Among other things, Wells Fargo argued that Cook County does not have “statutory standing” because it is not an “aggrieved” person within the FHA’s meaning. See 42 U.S.C. § 3602(i)(1) (“‘Aggrieved person’ includes any person who … claims to have been injured by a discriminatory housing practice.”)
Although the Court agreed with the numerous other courts that have held that municipalities and counties have constitutional standing to sue under the FHA, the Court held that “statutory standing” is not coextensive with “constitutional standing,” citing the Supreme Court of the United States’ recent opinions in Thompson v. North American Stainless, LP, 562 U.S. 170 (2011), and Lexmark International, Inc. v.
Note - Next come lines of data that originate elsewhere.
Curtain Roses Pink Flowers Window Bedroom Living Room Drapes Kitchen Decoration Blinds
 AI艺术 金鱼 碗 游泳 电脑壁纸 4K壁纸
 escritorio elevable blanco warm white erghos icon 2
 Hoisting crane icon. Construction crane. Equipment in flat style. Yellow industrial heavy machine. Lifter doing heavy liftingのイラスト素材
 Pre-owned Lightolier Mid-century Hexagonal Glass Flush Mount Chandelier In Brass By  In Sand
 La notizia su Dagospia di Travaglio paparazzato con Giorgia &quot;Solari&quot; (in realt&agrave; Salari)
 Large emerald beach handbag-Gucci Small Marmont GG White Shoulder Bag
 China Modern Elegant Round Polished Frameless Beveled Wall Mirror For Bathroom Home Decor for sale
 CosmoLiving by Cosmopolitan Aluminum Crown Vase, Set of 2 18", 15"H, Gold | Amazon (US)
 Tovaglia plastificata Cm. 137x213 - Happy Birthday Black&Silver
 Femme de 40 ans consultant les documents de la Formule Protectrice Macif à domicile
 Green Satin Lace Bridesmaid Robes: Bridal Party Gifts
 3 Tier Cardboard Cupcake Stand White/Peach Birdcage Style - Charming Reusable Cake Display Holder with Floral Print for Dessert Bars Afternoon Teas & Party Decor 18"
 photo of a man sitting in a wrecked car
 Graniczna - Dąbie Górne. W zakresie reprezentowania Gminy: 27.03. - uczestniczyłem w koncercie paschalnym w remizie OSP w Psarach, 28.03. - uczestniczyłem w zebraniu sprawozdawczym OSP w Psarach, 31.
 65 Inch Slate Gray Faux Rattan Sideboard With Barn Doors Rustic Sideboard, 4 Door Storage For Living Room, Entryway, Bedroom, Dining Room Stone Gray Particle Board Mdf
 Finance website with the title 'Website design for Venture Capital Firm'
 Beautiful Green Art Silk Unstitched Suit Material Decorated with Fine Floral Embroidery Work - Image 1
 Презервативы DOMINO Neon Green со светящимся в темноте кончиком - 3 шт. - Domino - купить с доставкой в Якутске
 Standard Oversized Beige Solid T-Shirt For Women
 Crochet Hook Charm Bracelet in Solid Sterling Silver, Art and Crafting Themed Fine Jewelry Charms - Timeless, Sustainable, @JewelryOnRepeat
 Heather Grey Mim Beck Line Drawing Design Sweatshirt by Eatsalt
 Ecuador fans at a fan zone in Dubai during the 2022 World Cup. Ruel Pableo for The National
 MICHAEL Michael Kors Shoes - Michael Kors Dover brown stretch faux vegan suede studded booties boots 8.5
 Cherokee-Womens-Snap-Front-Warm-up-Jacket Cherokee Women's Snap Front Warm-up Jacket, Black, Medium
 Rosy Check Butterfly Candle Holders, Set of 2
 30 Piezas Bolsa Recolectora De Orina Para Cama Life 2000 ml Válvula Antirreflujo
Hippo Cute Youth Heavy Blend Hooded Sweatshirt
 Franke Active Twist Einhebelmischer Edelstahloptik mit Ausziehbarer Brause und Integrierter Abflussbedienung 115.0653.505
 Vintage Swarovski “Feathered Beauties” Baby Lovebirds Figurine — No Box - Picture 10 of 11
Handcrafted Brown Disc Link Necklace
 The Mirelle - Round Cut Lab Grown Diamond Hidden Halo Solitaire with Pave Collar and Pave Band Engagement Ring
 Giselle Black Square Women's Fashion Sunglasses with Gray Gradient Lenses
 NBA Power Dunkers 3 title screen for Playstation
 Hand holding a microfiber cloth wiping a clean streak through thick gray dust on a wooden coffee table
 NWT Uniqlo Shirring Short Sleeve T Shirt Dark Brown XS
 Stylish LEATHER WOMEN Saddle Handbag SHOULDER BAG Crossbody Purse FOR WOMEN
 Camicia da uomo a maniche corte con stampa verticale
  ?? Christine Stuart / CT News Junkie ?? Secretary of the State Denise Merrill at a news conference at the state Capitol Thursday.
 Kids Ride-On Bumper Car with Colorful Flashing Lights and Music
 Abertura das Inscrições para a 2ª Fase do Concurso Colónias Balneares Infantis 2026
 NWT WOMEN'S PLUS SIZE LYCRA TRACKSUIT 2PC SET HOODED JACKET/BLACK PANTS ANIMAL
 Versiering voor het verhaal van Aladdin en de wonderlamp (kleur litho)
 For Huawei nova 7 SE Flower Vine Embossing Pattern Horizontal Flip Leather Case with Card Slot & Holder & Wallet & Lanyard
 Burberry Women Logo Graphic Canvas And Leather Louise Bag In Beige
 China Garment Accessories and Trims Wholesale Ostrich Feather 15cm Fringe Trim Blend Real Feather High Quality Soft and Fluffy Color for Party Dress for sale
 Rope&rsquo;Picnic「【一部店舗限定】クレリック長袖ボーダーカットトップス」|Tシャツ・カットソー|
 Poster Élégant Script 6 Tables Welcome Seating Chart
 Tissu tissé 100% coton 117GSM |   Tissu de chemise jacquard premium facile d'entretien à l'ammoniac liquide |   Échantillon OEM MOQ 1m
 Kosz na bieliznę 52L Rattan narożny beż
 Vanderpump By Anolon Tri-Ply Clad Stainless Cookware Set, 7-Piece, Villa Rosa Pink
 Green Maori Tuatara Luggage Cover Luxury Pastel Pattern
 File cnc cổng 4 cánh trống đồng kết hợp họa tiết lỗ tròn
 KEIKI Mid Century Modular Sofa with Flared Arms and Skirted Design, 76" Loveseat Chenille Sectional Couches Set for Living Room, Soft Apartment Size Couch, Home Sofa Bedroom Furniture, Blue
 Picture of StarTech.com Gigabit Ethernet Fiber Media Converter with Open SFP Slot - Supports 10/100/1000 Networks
Static Control Components, Inc., 134 S. Ct. 1377 (2014).
Examining the language of various section of the FHA, the Court concluded that Cook County’s alleged injuries —i.e., urban blight and a reduced property tax base — “while perhaps the consequences of reverse redlining or equity stripping writ large, do not bring it within [the FHA]’s zone of interests.” According to the Court, “Cook County’s alleged injuries … are purely derivative and not the type that the FHA was designed to protect. The county’s claims thus fall outside the zone of interests.”
Accordingly, the Court granted Wells Fargo’s motion to dismiss. However, the Court held that “[a]lthough the court doubts that Cook County could cure the zone-of-interests defect the dismissal is without prejudice, and the county is granted leave to file an amended complaint by August 14, 2015. … If Cook County does not replead by that date, thereby electing to stand on its complaint, the suit will be dismissed with prejudice.”